My feeling is that it may be premature to declare what types of problems look tractable with respect to the polynomial method. For instance, the idea of using the polynomial method to attack the finite field Kakeya problem, while "obvious" in retrospect, was certainly a big shock to many of us working on the Kakeya problem at the time Dvir's argument came out.

In contrast, the question of getting a non-trivial Szemeredi-Trotter or sum-product theorem in finite fields, while closely related to the Kakeya problem (see e.g. my paper with Bourgain and Katz on this topic), has so far resisted all attempts at a polynomial method proof. But this could simply be because we haven't yet found the right way to generate the right sort of polynomials for this problem. Similarly, the capset problem of determining better bounds on $r_3(F_3^n)$ than what one can get from Fourier methods is one that at first looks very amenable to a polynomial method approach, but again there has been no progress on this front. (These are great problems to look at, by the way, if someone in this area is looking for a high-risk, high-reward task to add to their research projects.)
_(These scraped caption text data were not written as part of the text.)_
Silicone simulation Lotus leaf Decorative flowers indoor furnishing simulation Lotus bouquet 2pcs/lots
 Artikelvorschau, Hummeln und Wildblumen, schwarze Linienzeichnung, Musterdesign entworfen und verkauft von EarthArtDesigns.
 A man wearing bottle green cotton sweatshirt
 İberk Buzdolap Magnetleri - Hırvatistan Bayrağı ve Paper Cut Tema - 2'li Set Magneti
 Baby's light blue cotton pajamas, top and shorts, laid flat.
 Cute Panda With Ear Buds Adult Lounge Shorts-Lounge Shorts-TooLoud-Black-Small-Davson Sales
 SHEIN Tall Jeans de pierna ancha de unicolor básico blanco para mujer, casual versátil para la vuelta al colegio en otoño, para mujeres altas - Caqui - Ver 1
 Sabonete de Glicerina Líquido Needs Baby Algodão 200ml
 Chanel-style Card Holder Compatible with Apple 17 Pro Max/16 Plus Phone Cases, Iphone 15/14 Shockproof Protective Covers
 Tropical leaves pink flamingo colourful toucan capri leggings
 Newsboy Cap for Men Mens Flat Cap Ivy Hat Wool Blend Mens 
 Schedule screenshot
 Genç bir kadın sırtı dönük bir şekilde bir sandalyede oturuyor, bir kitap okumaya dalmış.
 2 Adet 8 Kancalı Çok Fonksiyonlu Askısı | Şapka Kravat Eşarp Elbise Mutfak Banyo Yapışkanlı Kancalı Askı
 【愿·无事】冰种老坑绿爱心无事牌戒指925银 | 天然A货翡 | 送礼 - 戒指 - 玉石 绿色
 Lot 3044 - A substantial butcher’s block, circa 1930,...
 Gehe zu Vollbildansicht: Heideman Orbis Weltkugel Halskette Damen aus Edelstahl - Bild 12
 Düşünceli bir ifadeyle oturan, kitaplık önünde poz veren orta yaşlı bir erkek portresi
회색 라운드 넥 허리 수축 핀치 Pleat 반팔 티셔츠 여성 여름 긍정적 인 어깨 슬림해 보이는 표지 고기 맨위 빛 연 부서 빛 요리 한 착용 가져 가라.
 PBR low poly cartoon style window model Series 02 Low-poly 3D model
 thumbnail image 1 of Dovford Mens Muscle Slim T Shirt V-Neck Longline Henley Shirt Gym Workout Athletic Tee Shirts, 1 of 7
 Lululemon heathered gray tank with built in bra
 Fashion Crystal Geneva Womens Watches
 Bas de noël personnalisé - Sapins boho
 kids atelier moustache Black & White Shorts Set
What I would like to see more of in the future is more development of the somewhat vague idea of the "Zariski complexity" of various sets, by which I mean something like the least degree of a non-trivial polynomial which vanishes on that set. One can view the polynomial method as the strategy of comparing upper and lower bounds on the Zariski complexity of sets to obtain nontrivial combinatorial consequences. I have the vague feeling that ultimately, such notions of complexity should play as prominent a role in these sorts of combinatorial problems as existing notions of "size" for such sets, such as cardinality, dimension, or Fourier uniformity.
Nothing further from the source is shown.